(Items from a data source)
- - -
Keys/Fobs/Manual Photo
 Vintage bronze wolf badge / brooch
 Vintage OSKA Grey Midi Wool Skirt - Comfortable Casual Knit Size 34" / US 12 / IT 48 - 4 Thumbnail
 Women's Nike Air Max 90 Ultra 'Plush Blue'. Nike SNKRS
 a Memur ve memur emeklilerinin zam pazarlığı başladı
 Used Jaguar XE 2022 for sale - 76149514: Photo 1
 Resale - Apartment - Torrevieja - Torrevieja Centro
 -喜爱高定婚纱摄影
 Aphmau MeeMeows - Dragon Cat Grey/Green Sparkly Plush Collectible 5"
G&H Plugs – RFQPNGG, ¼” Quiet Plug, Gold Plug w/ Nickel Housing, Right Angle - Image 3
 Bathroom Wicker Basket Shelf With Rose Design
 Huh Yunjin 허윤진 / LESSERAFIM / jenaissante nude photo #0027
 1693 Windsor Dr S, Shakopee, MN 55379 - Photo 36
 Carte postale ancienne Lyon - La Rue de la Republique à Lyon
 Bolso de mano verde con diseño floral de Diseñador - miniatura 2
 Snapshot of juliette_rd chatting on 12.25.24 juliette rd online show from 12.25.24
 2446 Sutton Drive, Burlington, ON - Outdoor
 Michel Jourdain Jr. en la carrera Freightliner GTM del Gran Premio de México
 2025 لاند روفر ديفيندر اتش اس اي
- - -
**DIRECTIONS:** Retype exactly, and only, the lines from the line holding "Carte postale ancienne" through the last line of the data; both of those lines count.

**ANSWER FOR THE TASK:**
 Carte postale ancienne Lyon - La Rue de la Republique à Lyon
 Bolso de mano verde con diseño floral de Diseñador - miniatura 2
 Snapshot of juliette_rd chatting on 12.25.24 juliette rd online show from 12.25.24
 2446 Sutton Drive, Burlington, ON - Outdoor
 Michel Jourdain Jr. en la carrera Freightliner GTM del Gran Premio de México
 2025 لاند روفر ديفيندر اتش اس اي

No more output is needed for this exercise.